======== Data records
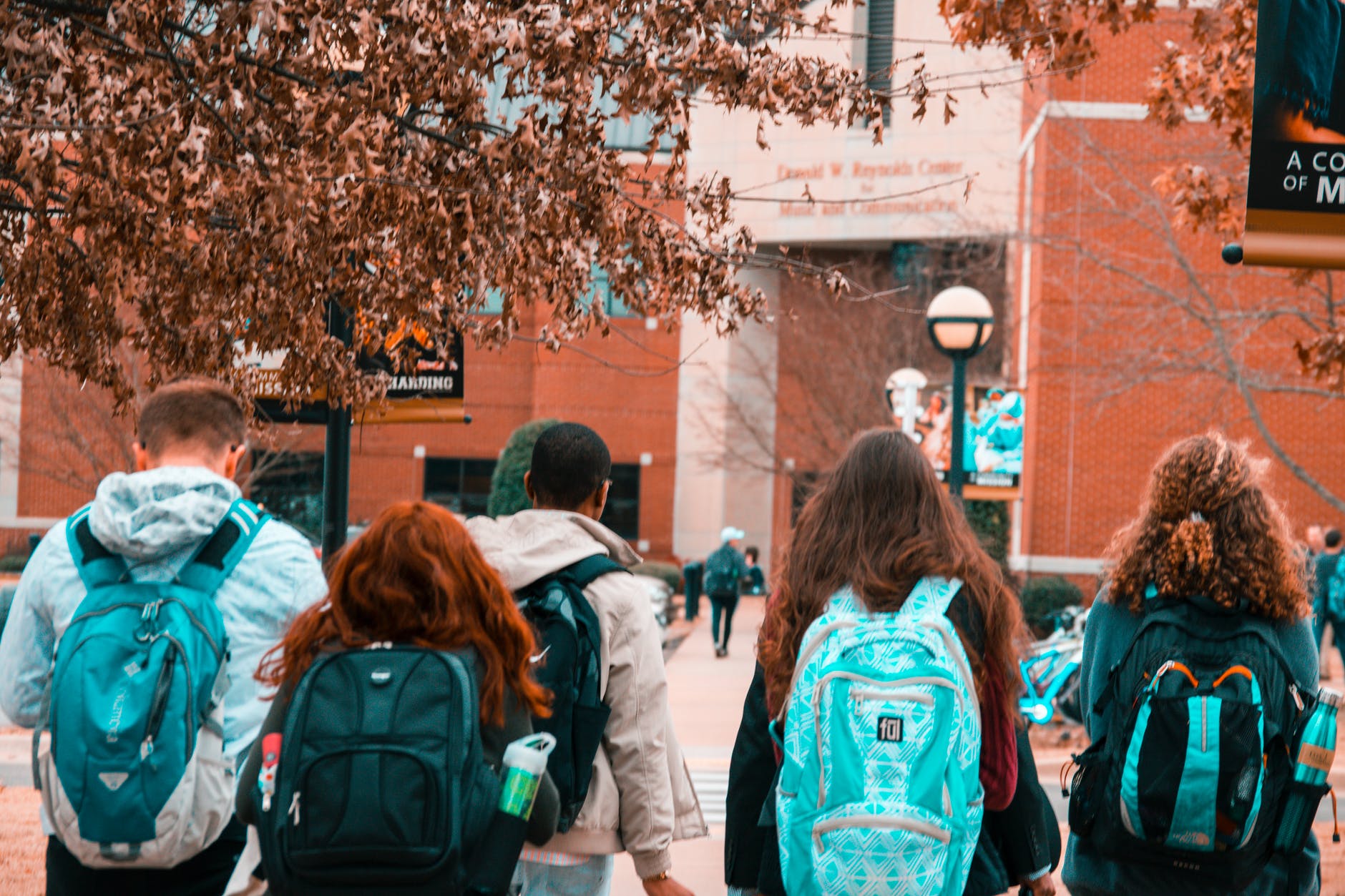 FIVE EASY PART TIME JOBS FOR STUDENTS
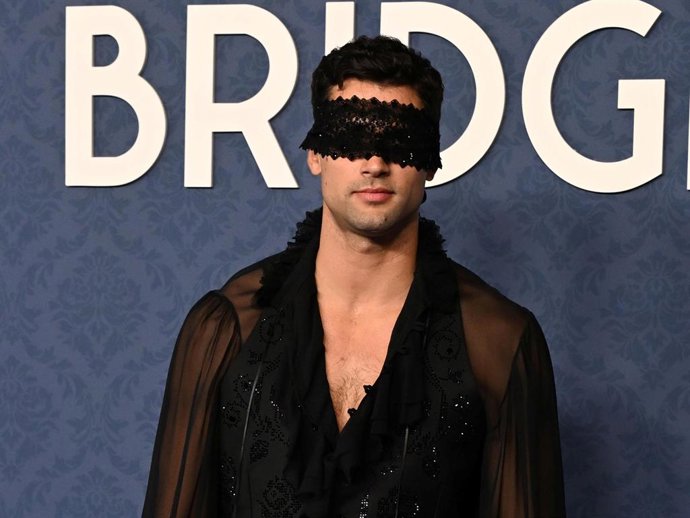 Manu Moreno durante el baile de máscaras de Los Bridgerton, a 17 de febrero de 2026, en Madrid (España).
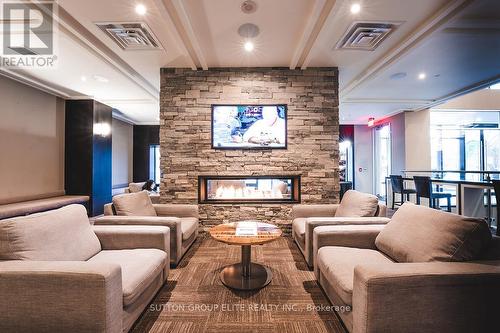 517 - 1235 Richmond Street, London, ON - Indoor Photo Showing Living Room With Fireplace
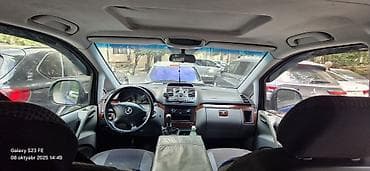 mini karavan: Mercedes-Benz Vito: 2.2 l | 2006 il Van/Minivan — 7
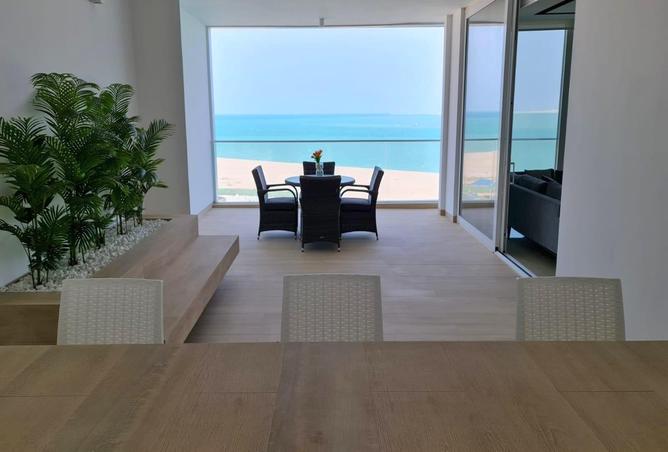 956518 - Property Image 2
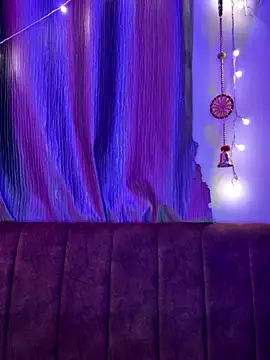 Dishasarmaa05 online show from September 16, 6:31 pm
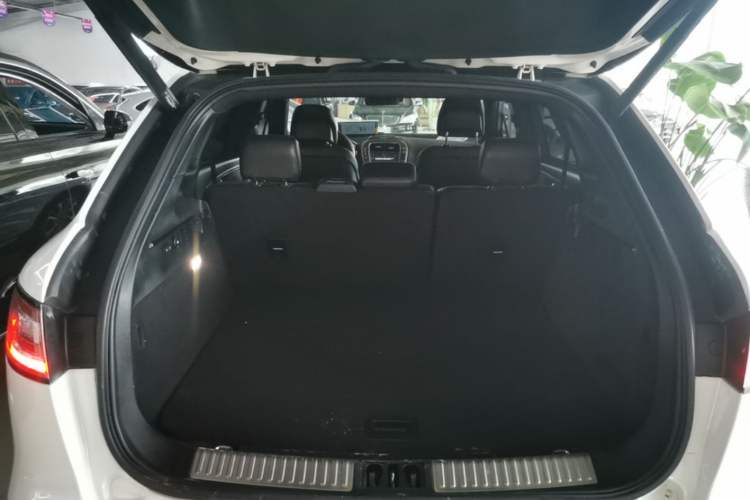 Used Lincoln Nautilus 2019 2.0T Two-Wheel Drive Luxury Edition China VI Standard Trunk
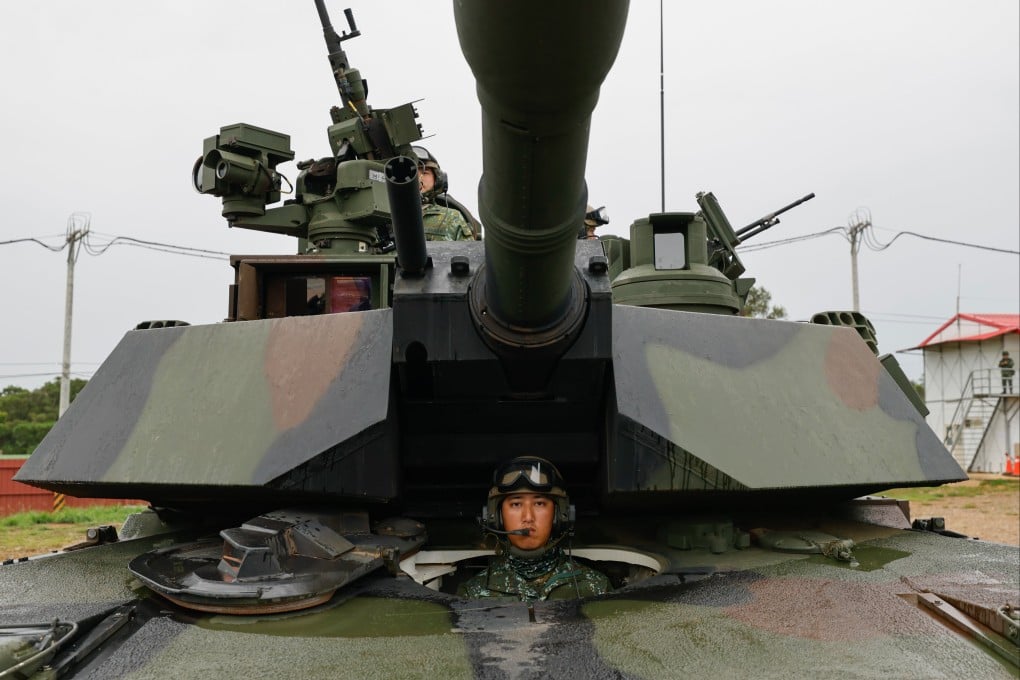 Taiwanese soldiers crew a US-made M1A2T Abrams tank during a live-fire drill in Hsinchu county, Taiwan in July. An analysis of the island’s newest arms, by a mainland Chinese magazine, details weaknesses and lays out possible countermeasures. Photo: EPA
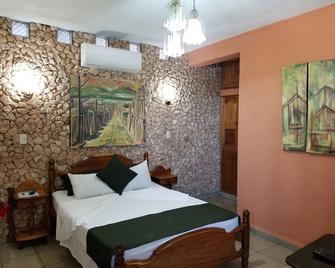 Hostal Raul y Kathy - Santiago de Cuba - Habitación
================
The task:
Output the material above verbatim but exclude each picture.

Task solution:
 FIVE EASY PART TIME JOBS FOR STUDENTS
 Manu Moreno durante el baile de máscaras de Los Bridgerton, a 17 de febrero de 2026, en Madrid (España).
 517 - 1235 Richmond Street, London, ON - Indoor Photo Showing Living Room With Fireplace
 mini karavan: Mercedes-Benz Vito: 2.2 l | 2006 il Van/Minivan — 7
 956518 - Property Image 2
 Dishasarmaa05 online show from September 16, 6:31 pm
 Used Lincoln Nautilus 2019 2.0T Two-Wheel Drive Luxury Edition China VI Standard Trunk
 Taiwanese soldiers crew a US-made M1A2T Abrams tank during a live-fire drill in Hsinchu county, Taiwan in July. An analysis of the island’s newest arms, by a mainland Chinese magazine, details weaknesses and lays out possible countermeasures. Photo: EPA
 Hostal Raul y Kathy - Santiago de Cuba - Habitación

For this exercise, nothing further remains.